Radius and Weight and the Earth

[susan__t]

The question my teacher gave me is as follows...
If Pat weighs 750N on Earth, what would Pat weigh on another planet with twice Earth's mass and one quarter the Earth's radius?
We are not given the exact radius or mass of the Earth and I am having a hard time figuring it out.
I know I have to used the formula Fg =G(m1)(m2)/r squared
I considered also trying to find some kind of ratio (like 2/(.25)squared) but I don't understand how that will help me and what I have to do from there

My test is tomorrow, please help!
Thanks,
Susan

 

[dynamicsolo]

I know I have to used the formula Fg =G(m1)(m2)/r squared
I considered also trying to find some kind of ratio (like 2/(.25)squared)

Yes, you want to set up a comparison ratio; that way, you don't need to know the exact mass and radius of Earth.

Call the weight of the person on Earth W_e . That is given by

W_e = G·(mass of person)·(mass of Earth) / (radius of Earth)^2 .

Call their weight on the other planet W_p . How would you write that?

Since you want to compare the two, what is the quotient (W_p)/(W_e)? That is to say, if you take the ratio of the two expressions, what cancels out and what remains?

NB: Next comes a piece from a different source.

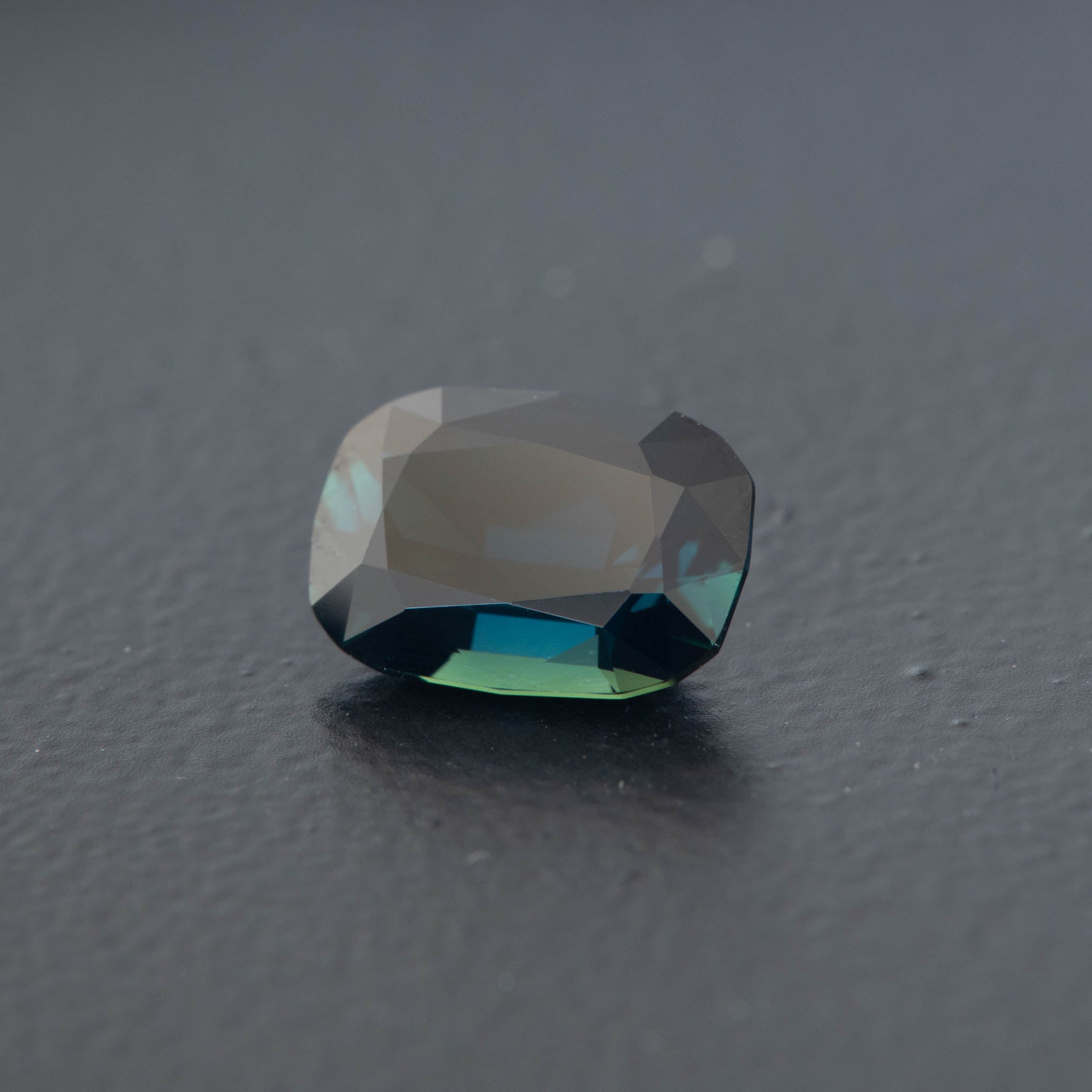 Blue Cushion Sapphire 1.89ct [S.B.C.1829]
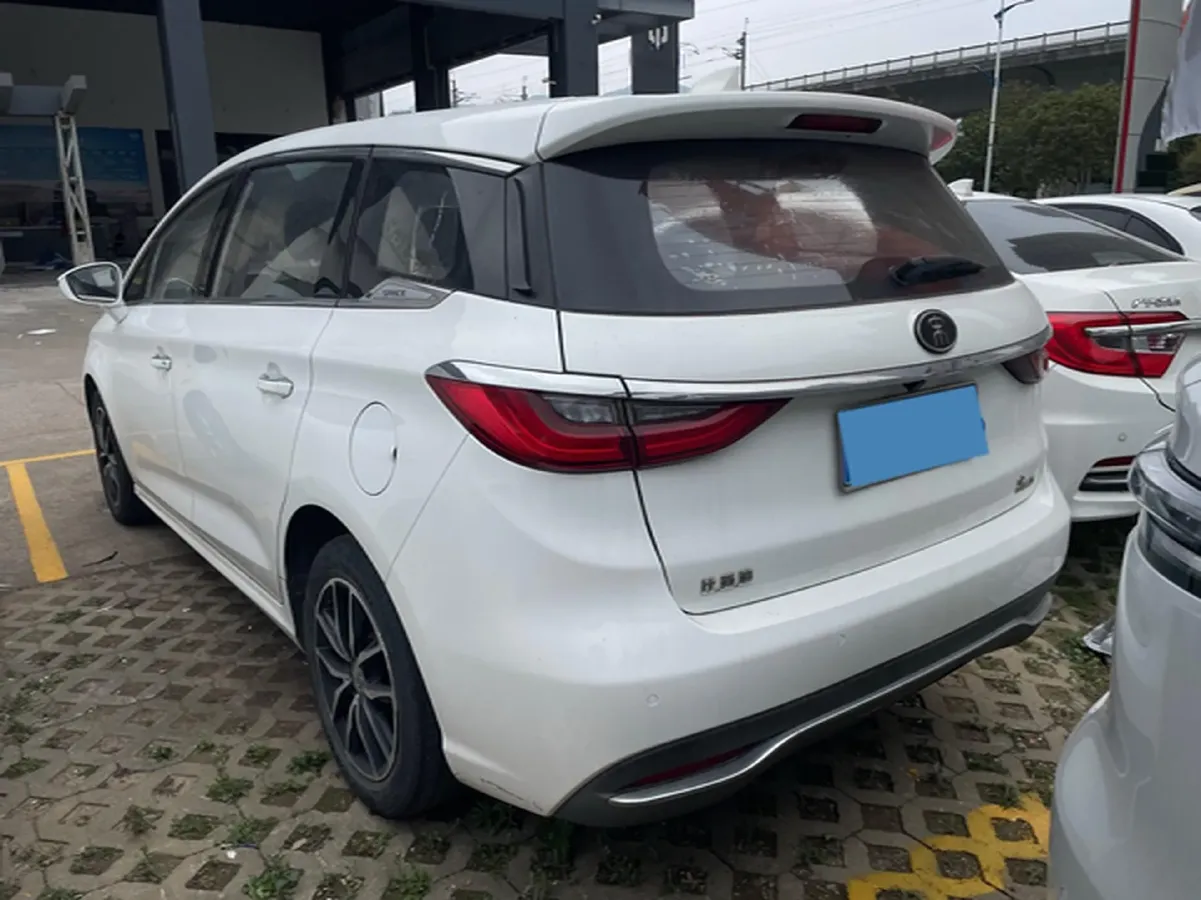 2017 BYD Song MAX 1.5T 154HP L4 6DCT,autocango,china used car exporter,china ev exporter,chinese used car exporter,chinese used ev exporter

You are given the ratio of the planet's radius to Earth's radius and the ratio of the planet's mass to Earth's mass. You will get a numerical value for (W_p)/(W_e) . Since you know the person's weight on Earth (W_e = 750 N), you can now find their weight on the other planet, W_p .

 

[susan__t]

Thank you that's wonderful, I ended up with 24000 Newtons which sounds about right

 

[dynamicsolo]

That looks right, but it sounds painful... (That's almost 5400 lbs.!)

 

[DaveC426913]

That looks right, but it sounds painful... (That's almost 5400 lbs.!)

On a planet that's 30x denser than Earth...You wonder if the teacher could have come up with a scenario that could at least physically exist.